I remember my first massive spreadsheet project. My office was tasked with tracking the department’s annual budget, so I built an impressive network of spreadsheets. It had multiple linked spreadsheets, each with several tabs, auto calculations, stylish charts, PivotTables, auto-calculations and lookup formulas. It was brilliant! And then it crashed.
I had pushed my spreadsheets beyond their limits and now I had two fiscal years of data corrupted. What I did not know at the time was that the more sophisticated I made my spreadsheets, the more I taxed them. I should have sought a database solution.
The Pros and Cons of Spreadsheets
Spreadsheets have great features such as automatically recalculated formulas, stylish charts and graphs at the click of a mouse, pivot tables, sorting and filtering, and cell formatting. Microsoft Excel even has a “Format as Table” option that will instantly “pretty up” your dull data. The array of features available in spreadsheet applications makes displaying and analyzing large amounts of data easier.

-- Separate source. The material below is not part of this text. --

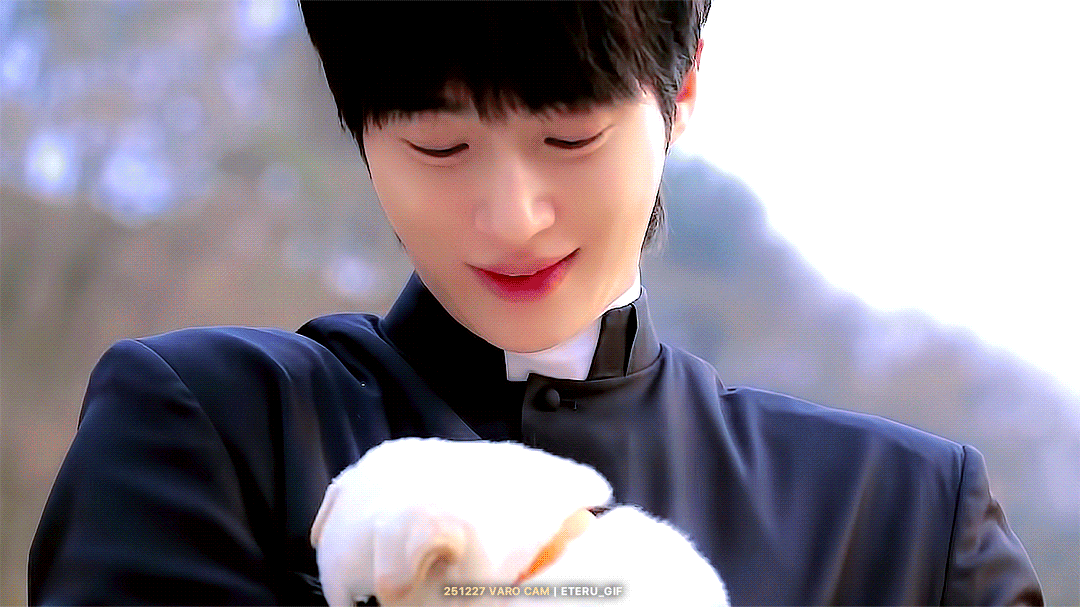 [잡담] 변우석) 졸라 귀엽네 | 인스티즈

Spreadsheets are easy to use and flexible and inexpensive, which is why they have become the go-to business tool for storing and analyzing data.

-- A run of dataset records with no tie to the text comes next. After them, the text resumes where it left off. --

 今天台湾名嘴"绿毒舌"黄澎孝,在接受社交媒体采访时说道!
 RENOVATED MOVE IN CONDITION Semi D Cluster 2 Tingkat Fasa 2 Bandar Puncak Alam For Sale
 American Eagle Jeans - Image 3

As sophisticated as spreadsheets have become, they still have some serious drawbacks. Spreadsheets are not ideal for long-term data storage. They only offer simple query options, do not guard data integrity, and offer little to no protection from data corruption.
The New Guy, Databases
A database is similar to a spreadsheet. In the simplest terms, a database is a collection of tables, organized in columns and rows, just like a spreadsheet. The big difference is that in a database each table has a unique set of columns and rows, and different relationships can be made between the different tables. A relational database management system (RDMS) standardizes the way data is stored and processed. RDMS tables store data in a logical manner specifically designed to provide data integrity, reduce duplication, and minimize irregularities.
A lot of grief can be saved if you take the time to consider the parameters of your project before you start. When deciding if you should create a database for your project, or transfer your current spreadsheets to a database, here are a few things to consider:
- User Access: The number one reason for creating a database instead of a spreadsheet is if multiple people will need to access the file. Sure, you gave everyone a week to update the spreadsheet, but without fail a group of procrastinators will all try to do their updates in the last 30 minutes before the deadline, resulting in a mass of “file is locked for editing by…” error messages. This sort of traffic jam is prevented in a database because multiple people can make edits simultaneously.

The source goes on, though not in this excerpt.